Data extracted from a collection
--------------------

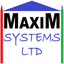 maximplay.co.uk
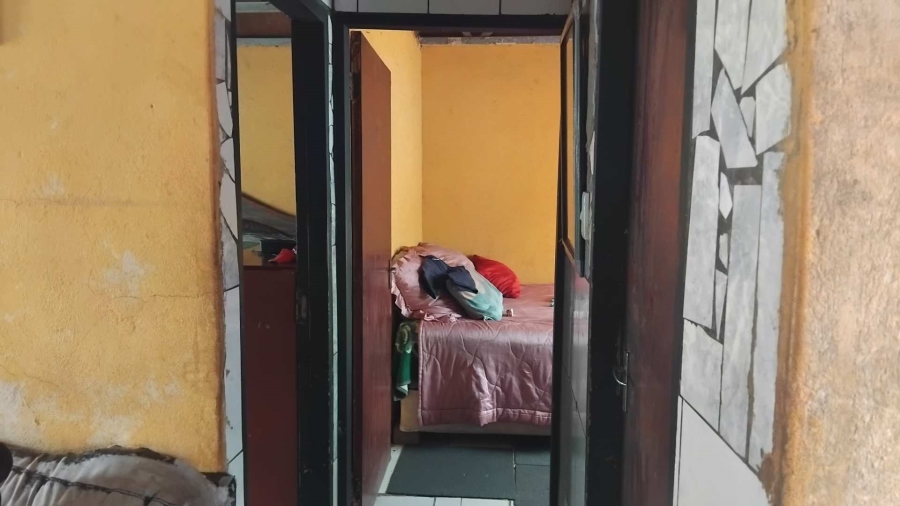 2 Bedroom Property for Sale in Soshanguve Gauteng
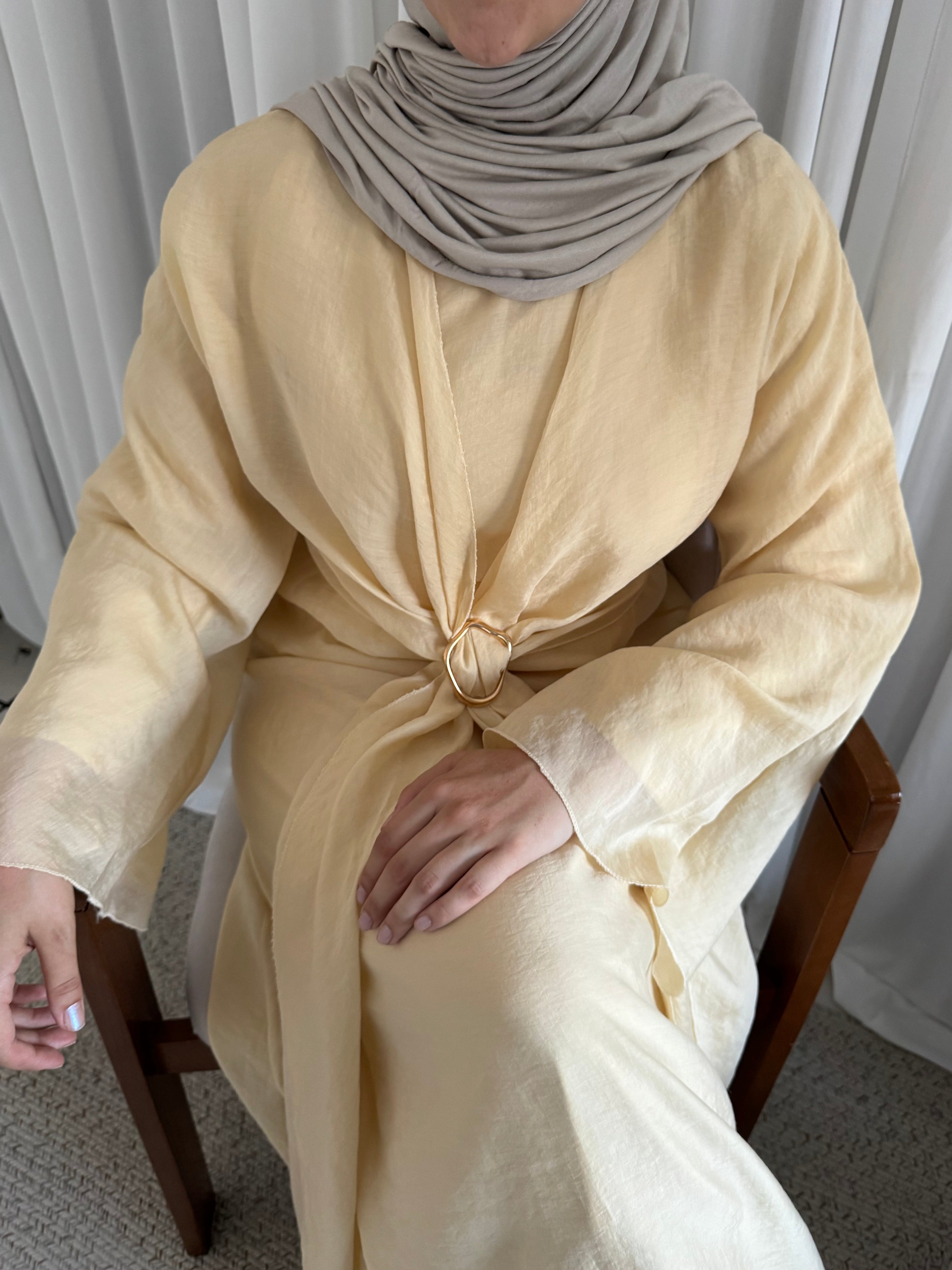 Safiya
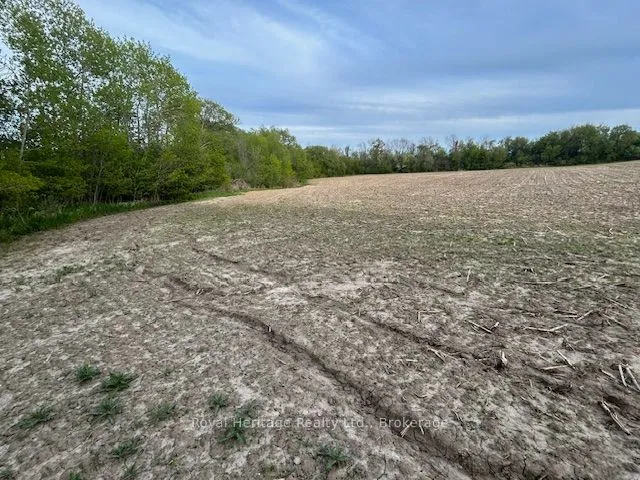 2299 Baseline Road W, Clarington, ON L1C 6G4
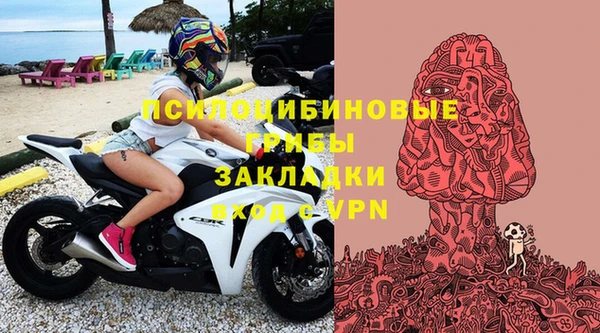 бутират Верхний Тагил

--------------------

Word for word, restate the lines from the line with "2299 Baseline Road W, Clarington, ON L1C 6G4" through the last line of the entries, and nothing beyond them. Omit pictures.

→ **Output for this exercise**
 2299 Baseline Road W, Clarington, ON L1C 6G4
 бутират Верхний Тагил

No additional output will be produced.